Lucas County Prosecutor Julia Bates said at a news conference after the hearings that some members of the public may think her office “made a deal with the devil” when it offered plea agreements to King and Steinfurth.
Mrs. Bates said the “tiny little bones” recovered from the Federal Street garage could not and did not tell the whole story of what happened to Elaina, when it happened, or who did it to her.
“Only part of the story came out of the experts, only part of the answers came from the police department that worked so tirelessly to try to find those answers,” she said. “We ask a lot of questions, and we speculate on things, but there are things we would never have known if we had not made an agreement as to the sentence that was imposed today not only on Mr.
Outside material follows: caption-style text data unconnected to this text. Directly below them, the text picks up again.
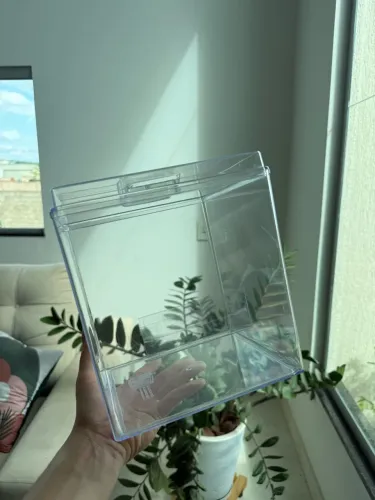 10 potes de acrílico de 7,4 litros, seminovos, com tampas da marca EXPOTE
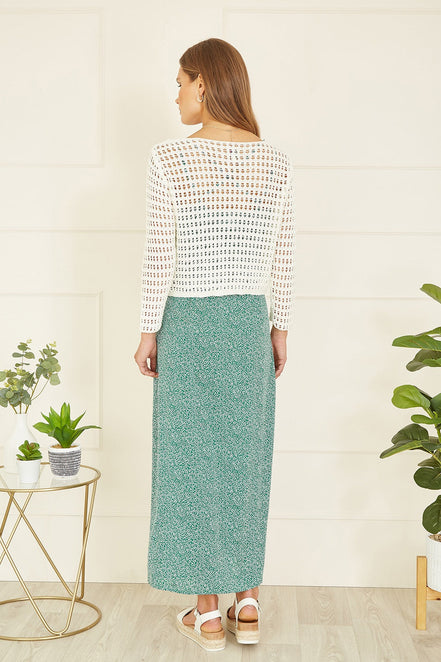 Yumi Ivory Cotton Crochet Twisted Bolero Top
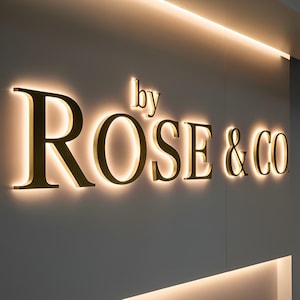 Letrero metálico personalizado, letrero con letras de canal de acero inoxidable Halolit 3D, letrero Halolit para escaparates de exteriores, logotipo iluminado en 3D, señalización comercial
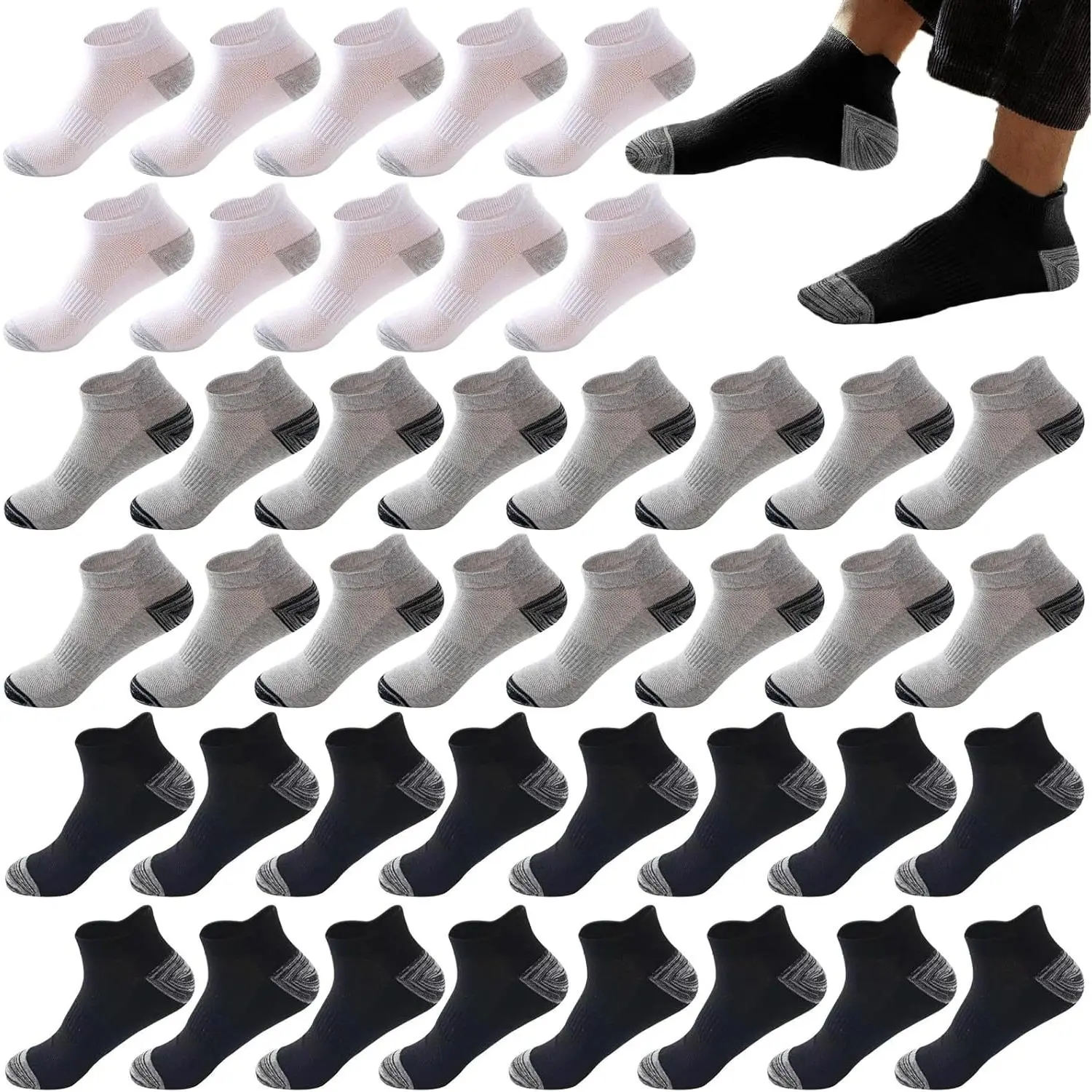 20 Pairs Athletic Ankle Socks for Men Breathable Low Cut Running Socks Cushioned  Wicking for  Traveling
King but on the child’s mother as well.”
Mrs. Bates said she believes it was “the just, the right thing to do. We know who the guilty parties are. We know they are convicted of this terrible crime. They are punished for it, and there is some degree of peace for that child, for the family, and for all the people in this community that suffered so much.”
Robert Miller, chief of the special units division for the prosecutor’s office, said two forensic anthropologists who examined Elaina’s remains found “twisting fractures to the left elbow, right elbow, right wrist, right ankle, and left thigh, which would indicate multiple trauma caused to Baby Elaina.”
Three or four of the fractures occurred at or near death, they concluded, although investigators cannot say for sure exactly what happened when to the child, he said.